The “Declaration,” which only the U.S. and Israel voted against, contained the statement that women should “struggle against colonialism, neo-colonialism, Zionism, racial discrimination and apartheid.” All delegations from other countries voted for or abstained on the resolution which was pushed through committee by the Arab-Soviet bloc-Third World countries, Denmark originally voted with the U.S. and Israel but later decided to change its vote and abstained.
Abzug told the JTA that while the “Declaration” was still in committee Israel made a motion to eliminate the word Zionism from the text but was voted down 59-19 with 19 abstentions. Another motion to eliminate the word came up for a full vote at the general session, but this was also rejected by a vote of 63-25 with 25 abstentions.
The Congresswoman said she advised the women at the conference to vote against the entire “Declaration” if “we were unsuccessful in convincing them to change the language.” But when a motion was made to accept the entire “Declaration” only Israel and the U.S. voted against it, with approximately 18 abstentions, Abzug said.
She stated that “much negotiating” took place before the actual vote occurred to “convince the delegates not to put the word ‘Zionism’ into the ‘Declaration’.” Most of the delegates, she said, particularly those from Western Europe and Latin America, were opposed to the wording. However, many did not vote against the resolution because of what they felt were other positive items in the resolution, including a change in global economics, “Everyone I spoke to felt this should not have happened,” Abzug said.
Although the Congresswoman said she considered the “Declaration” was “totally improper” because of the attack on Zionism, she stressed that it was not a major document and that there were no special plans to implement it. Nevertheless, noting that the terrorist bombing in Jerusalem two days after the conference ended, in which 14 Israelis were killed and 73 wounded, Abzug stated the “Declaration” and similar actions “Perpetuate an atmosphere which encourages terrorism.”

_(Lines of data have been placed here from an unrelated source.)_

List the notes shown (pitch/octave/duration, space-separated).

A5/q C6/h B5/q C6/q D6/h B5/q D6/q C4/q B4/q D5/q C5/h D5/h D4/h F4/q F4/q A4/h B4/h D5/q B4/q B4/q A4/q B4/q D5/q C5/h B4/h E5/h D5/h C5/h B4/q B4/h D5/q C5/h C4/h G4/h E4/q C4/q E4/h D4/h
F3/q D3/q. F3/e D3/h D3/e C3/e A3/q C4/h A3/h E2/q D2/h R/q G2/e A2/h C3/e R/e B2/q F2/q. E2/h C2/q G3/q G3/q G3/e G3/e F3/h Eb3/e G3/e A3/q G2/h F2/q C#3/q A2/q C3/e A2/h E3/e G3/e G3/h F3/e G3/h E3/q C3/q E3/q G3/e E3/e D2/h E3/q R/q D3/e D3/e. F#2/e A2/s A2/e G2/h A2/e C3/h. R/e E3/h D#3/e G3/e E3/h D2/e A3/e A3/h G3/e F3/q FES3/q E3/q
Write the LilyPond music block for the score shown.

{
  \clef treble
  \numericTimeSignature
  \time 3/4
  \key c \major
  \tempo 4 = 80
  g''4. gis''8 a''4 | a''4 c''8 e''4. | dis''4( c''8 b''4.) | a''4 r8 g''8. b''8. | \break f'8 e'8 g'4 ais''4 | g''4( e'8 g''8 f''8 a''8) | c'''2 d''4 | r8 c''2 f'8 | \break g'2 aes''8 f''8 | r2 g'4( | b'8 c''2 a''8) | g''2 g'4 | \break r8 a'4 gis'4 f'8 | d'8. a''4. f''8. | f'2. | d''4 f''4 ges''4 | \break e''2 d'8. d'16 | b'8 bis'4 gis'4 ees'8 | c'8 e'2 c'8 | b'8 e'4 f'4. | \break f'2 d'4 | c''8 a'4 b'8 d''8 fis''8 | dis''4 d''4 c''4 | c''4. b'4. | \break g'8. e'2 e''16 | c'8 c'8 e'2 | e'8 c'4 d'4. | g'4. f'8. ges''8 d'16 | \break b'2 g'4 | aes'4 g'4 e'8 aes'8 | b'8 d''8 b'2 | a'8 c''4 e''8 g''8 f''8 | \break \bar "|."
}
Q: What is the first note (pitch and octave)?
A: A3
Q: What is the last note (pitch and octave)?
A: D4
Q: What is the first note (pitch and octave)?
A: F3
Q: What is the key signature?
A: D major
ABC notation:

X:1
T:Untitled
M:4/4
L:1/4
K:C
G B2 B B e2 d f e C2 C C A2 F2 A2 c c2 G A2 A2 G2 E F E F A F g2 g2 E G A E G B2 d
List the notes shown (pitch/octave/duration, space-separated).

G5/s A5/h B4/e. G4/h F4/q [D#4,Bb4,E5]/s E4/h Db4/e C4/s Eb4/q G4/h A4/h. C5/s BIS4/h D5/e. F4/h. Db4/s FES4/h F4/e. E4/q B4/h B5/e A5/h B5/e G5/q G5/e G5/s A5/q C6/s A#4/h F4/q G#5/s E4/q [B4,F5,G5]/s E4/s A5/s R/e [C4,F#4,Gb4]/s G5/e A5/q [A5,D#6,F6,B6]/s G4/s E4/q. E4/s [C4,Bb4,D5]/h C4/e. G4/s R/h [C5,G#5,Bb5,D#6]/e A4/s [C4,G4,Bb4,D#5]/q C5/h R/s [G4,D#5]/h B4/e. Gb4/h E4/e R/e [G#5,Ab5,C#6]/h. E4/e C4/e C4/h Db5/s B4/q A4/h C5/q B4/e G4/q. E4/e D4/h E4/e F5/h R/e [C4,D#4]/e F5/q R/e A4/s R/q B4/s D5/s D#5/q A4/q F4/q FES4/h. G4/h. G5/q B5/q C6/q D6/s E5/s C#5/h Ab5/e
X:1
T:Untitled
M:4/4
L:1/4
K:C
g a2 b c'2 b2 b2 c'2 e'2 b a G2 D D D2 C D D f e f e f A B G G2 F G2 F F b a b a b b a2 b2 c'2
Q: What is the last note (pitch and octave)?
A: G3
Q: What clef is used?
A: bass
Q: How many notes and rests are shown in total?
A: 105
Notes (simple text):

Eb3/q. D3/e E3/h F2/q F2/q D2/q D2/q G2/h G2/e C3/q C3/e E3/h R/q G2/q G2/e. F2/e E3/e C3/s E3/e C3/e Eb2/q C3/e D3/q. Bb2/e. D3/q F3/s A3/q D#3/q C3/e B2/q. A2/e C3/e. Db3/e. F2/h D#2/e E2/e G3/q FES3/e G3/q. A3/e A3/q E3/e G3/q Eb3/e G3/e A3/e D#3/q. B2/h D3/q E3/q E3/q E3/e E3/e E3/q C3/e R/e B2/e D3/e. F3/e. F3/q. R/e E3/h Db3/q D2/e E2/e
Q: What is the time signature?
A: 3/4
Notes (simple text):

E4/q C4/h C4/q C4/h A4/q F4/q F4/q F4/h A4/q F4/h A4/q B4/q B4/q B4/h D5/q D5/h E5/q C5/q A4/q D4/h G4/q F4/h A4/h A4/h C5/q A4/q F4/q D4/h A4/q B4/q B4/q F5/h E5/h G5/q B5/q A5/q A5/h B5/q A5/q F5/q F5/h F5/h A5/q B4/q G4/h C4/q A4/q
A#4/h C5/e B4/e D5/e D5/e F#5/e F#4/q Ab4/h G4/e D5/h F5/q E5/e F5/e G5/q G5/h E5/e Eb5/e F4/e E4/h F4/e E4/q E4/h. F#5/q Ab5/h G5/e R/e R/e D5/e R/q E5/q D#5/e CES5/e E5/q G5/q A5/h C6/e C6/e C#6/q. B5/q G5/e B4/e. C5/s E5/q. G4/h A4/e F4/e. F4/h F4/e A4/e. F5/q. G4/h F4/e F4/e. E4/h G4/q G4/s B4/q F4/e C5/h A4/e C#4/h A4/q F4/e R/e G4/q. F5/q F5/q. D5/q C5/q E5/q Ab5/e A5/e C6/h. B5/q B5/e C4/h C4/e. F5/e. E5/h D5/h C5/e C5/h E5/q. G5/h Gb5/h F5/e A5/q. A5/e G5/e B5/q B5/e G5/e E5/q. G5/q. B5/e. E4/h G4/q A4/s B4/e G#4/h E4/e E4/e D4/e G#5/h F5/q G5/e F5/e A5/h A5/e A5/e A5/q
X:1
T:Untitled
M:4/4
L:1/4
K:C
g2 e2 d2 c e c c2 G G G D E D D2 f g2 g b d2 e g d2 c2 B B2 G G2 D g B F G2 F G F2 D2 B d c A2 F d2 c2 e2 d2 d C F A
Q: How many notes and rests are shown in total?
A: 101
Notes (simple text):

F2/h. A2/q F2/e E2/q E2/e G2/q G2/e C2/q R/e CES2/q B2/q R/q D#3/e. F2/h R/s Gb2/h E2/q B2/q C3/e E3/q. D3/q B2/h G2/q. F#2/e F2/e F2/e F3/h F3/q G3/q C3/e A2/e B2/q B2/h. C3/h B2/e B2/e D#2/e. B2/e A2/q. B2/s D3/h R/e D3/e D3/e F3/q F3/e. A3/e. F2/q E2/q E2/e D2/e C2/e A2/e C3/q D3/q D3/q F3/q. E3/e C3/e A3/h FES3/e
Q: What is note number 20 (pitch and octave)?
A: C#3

The major plan to come out of the conference was the “World Plan of Action,” a document Abzug said “could be abided by all nations.” She said she felt many of the governments “manipulated” their delegates at the conference. She felt that this was particularly true of the 77-nation Arab-Soviet-Third World bloc where, she said, the status of women is “minimal,” “Many of the governments instructed their delegates how to vote,” Abzug said. “But I feel the women regretted finding themselves in this position. There were many who wanted to deal independently with women’s issues rather than with world political affairs.”
For example, she said that of the women she spoke to at the Tribune, the non-governmental, independent conference on the other side of the city that was being held simultaneously with the official conclave, attended by 5000 “interested” woman, all told her that they would not have walked out on Mrs. Leah Rabin. Abzug was referring to the incident when the Arab-Soviet-Third World delegates walked out of the conference hall when the wife of the Israeli Premier started to address the convention.
Referring again to the “Declaration,” Abzug condemned it as “UN political as usual” and as “more of the usual UN political rhetoric.” She praised the American delegates for having voted against the “Declaration.”